You can get software restriction policy with support for home users, for free, it is called Hard_Configurator, from @Andy Ful. It is not exactly the same as Appguard. But it works great.

 

[Trooper]

Check the log to get the path, and make an exception in user space. Either that, or run Appguard at default settings.
I assume you know how to read the log and configure user space rules? If by any chance you are not familiar with that, please be informed that Appguard is not a consumer-oriented product. It is designed for IT professionals to use in a business environment. There is no support for home users.

You can get software restriction policy with support for home users, for free, it is called Hard_Configurator, from @Andy Ful. It is not exactly the same as Appguard. But it works great.

It has been awhile. Yeah I read the logs, I guess I just need a pointer again on the user space rules. I just have not used the product in a few years and kind of forgot. I work in IT for a living so I don't really need the support.

Thanks.

 

[shmu26]

It has been awhile. Yeah I read the logs, I guess I just need a pointer again on the user space rules. I just have not used the product in a few years and kind of forgot.

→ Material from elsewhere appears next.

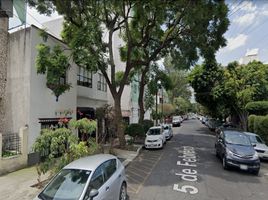 2 Habitación Apartamento en venta en Miguel Hidalgo, Ciudad de México, Miguel Hidalgo, Ciudad de México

I work in IT for a living so I don't really need the support.

Thanks.

Maybe the Appguard help file can answer your question. I sure hope so...

 

[Bretski]

Trooper, you can right-click on the AppGuard tray icon and select Activity Report so you can get the blocked path. Or you can double-click the AppGuard tray icon and you will see the buttons for the activity report and the Customize button. Once you have the block path for Teams, click the Customize button and select the User Space tab. Click on Add and add the path. After adding the path make sure the Include column says No. You can click on the Yes or No in that column to change it.

 

[Trooper]

Trooper, you can right-click on the AppGuard tray icon and select Activity Report so you can get the blocked path. Or you can double-click the AppGuard tray icon and you will see the buttons for the activity report and the Customize button. Once you have the block path for Teams, click the Customize button and select the User Space tab. Click on Add and add the path. After adding the path make sure the Include column says No. You can click on the Yes or No in that column to change it.

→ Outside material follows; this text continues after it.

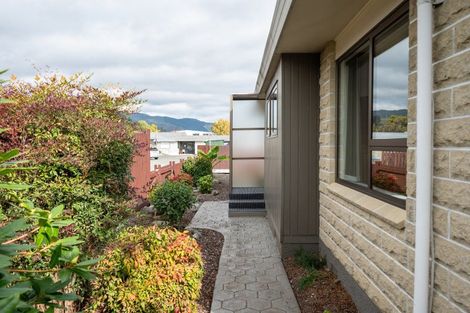 Photo of property in 2/18 Ranui Road, Stoke, Nelson, 7011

Thank you sir. Will look into this tonight. Cheers!

 

[Trooper]

See this is a little bit tricky. Here is what I see.

Thu Jul 23 20:27:09 2020 Prevented process <update.exe | c:\windows\explorer.exe> from launching from <c:\users\user\appdata\local\microsoft\teams>.

 

[Bretski]

The launching is what you're after; c:\user\user\appdata\local\microsoft\teams is in user space. So you have to exclude that directory from user space. Works the same as excluding a file from user space. The only other option would be if Teams offers you the ability to change where everything is installed. I haven't used Teams so not sure if it offers this or not. For example to install in c:\program files... or similar instead of c:\user...

If you're not comfortable excluding an entire directory, exclude the update.exe in that directory. I wonder if update.exe is just some update function trying to run or that is how Teams starts. Might have to play with what you exclude from user space to get what you want.

 

[Trooper]

The launching is what you're after; c:\user\user\appdata\local\microsoft\teams is in user space. So you have to exclude that directory from user space. Works the same as excluding a file from user space. The only other option would be if Teams offers you the ability to change where everything is installed. I haven't used Teams so not sure if it offers this or not. For example to install in c:\program files... or similar instead of c:\user...

If you're not comfortable excluding an entire directory, exclude the update.exe in that directory. I wonder if update.exe is just some update function trying to run or that is how Teams starts. Might have to play with what you exclude from user space to get what you want.

I have tried that but to no avail. This Teams app is super finicky it seems.